趙雲(ちょううん)に捕らえられた孟獲(もうかく)だったが、諸葛亮(しょかつりょう)の判断で解放される。
自陣に戻った孟獲は作戦を変更し、瀘水(ろすい)の対岸に頑丈な防寨(ぼうさい)を築く。これを見た諸葛亮は、ちょうど成都(せいと)から到着した馬岱(ばたい)に命じ、蛮軍(ばんぐん)の唯一の糧道を断とうとする。
第266話の展開とポイント
(01)孟獲の本営
孟獲が生きて帰ったと聞くと、諸方に隠れていた敗軍の蛮将や蛮卒は、たちまち蝟集(いしゅう)して彼を取り巻いた。
孟獲は事もなげに笑ってみせ、部下たちに言う。
「運悪く難所に行き詰まって、一度は蜀軍(しょくぐん)に生け捕られたが、夜に入って檻(おり)を破り、番兵を10余人ほど打ち殺してきたのさ」
「すると別の一隊の軍馬が来て、俺の道を遮ったが、多寡の知れた中国兵。八方へ蹴散らした末に馬を奪い、帰ってきたというわけだ。ははは。おかげで蜀軍の内部はすっかりのぞいてきたが、なあに大したものじゃない」
もちろん部下の南蛮兵(なんばんへい)は、彼の言を絶対に信ずる。ただ阿会喃(あかいなん)と董荼奴(とうとぬ)は、先に諸葛亮に放されて洞中へ引っ込んでおり、孟獲の呼び出しを受けると渋々やってきた。
★『三国志演義(6)』(井波律子〈いなみ・りつこ〉訳 ちくま文庫)(第87回)では、董荼奴が董荼那(とうとな)とあり、阿会喃は同じ表記になっていた。
★董荼奴と阿会喃が諸葛亮に放されたことについては、先の第264話(05)を参照。
孟獲は、新たに諸洞の蛮将へ触れを回して、たちまち10万以上の兵力を加えた。蛮界の広さと、その蛮界における彼の威力は底知れないものがある。
こうして集まった諸洞の大将連は、風俗や服装から武器や馬具までまちまちで、怪異絢爛(けんらん)を極めた。孟獲はその中に立ち、向後の作戦方針を述べる。

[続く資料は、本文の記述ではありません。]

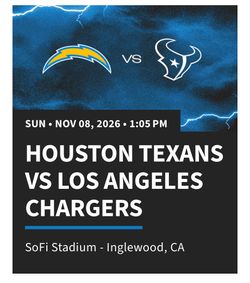 Chargers vs Texans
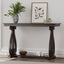 48-Inch Rustic Vintage Console Table --- Farmhouse Style Entryway Table with Open Shelf and Sturdy Construction  (Espresso) - Korvel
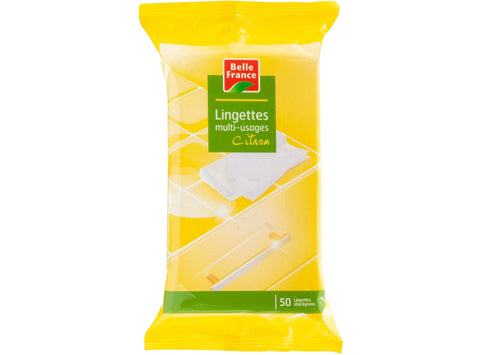 MULTI-PURPOSE LEMON WIPES 50PC (#119625)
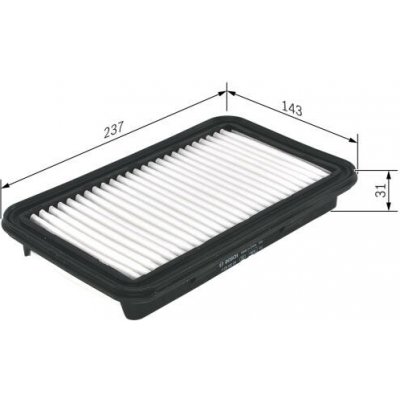 Vzduchový filtr BOSCH F 026 400 191 – Hledejceny.cz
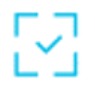 blue checkmark icon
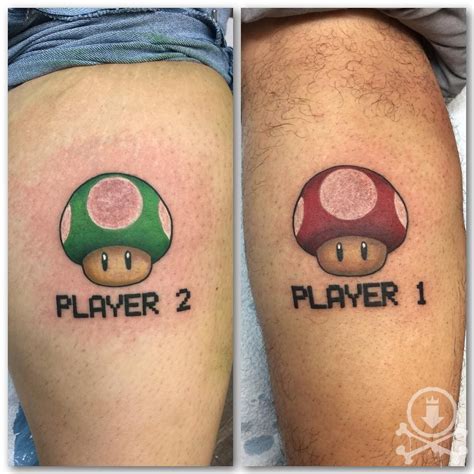 Pin De Mb Russ En Tattoos Tatuaje De Super Mario Tatuaje De Nintendo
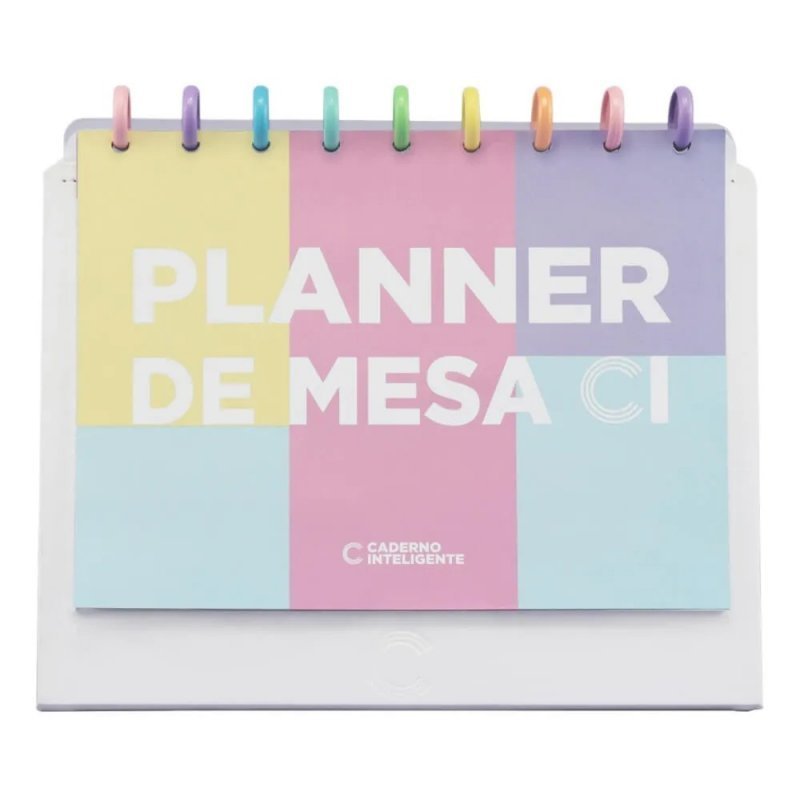 PLANNER DE MESA WHITE MEDIO CADERNO INTELIGENTE Ellos Papelaria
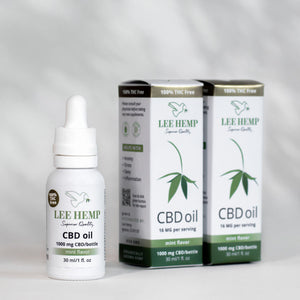 Wholesale - Broad Spectrum THC Free CBD Oil - Mint Flavor - 1000 mg - 1 oz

「孔明(こうめい。諸葛亮のあざな)と戦うには、孔明と戦わないに限る。彼奴(きゃつ)は魔法使いだ。戦えばきっと彼奴の詐術に引っかかる」
「そこで俺は思う。蜀の軍勢は千里を越えて、この慣れない暑さと土地の険しさに、かなりへたばっている様子だ。俺たちはこれから瀘水の向こう岸に移り、あの大河を前にして、うんと頑丈な防寨を築こう」
「削り立った山に沿い崖に沿い、長城を組んで櫓(やぐら)と櫓とをつなげば、いくら孔明でもどうすることもできまい。そして奴らがへとへとになったころを見て、皆殺しにする分には何の造作もない」
(02)諸葛亮の本営
一夜のうちに、蛮軍は風のごとくどこかへ後退してしまった。蜀の諸将は私語まちまちだったが、諸葛亮は「ただ前進あるのみ」と、即日進発を命ずる。
(03)瀘水
蛮地の行軍は、その果てなさに、再び人々を飽かしめた。わけて輜重(しちょう)の困難は言うばかりでない。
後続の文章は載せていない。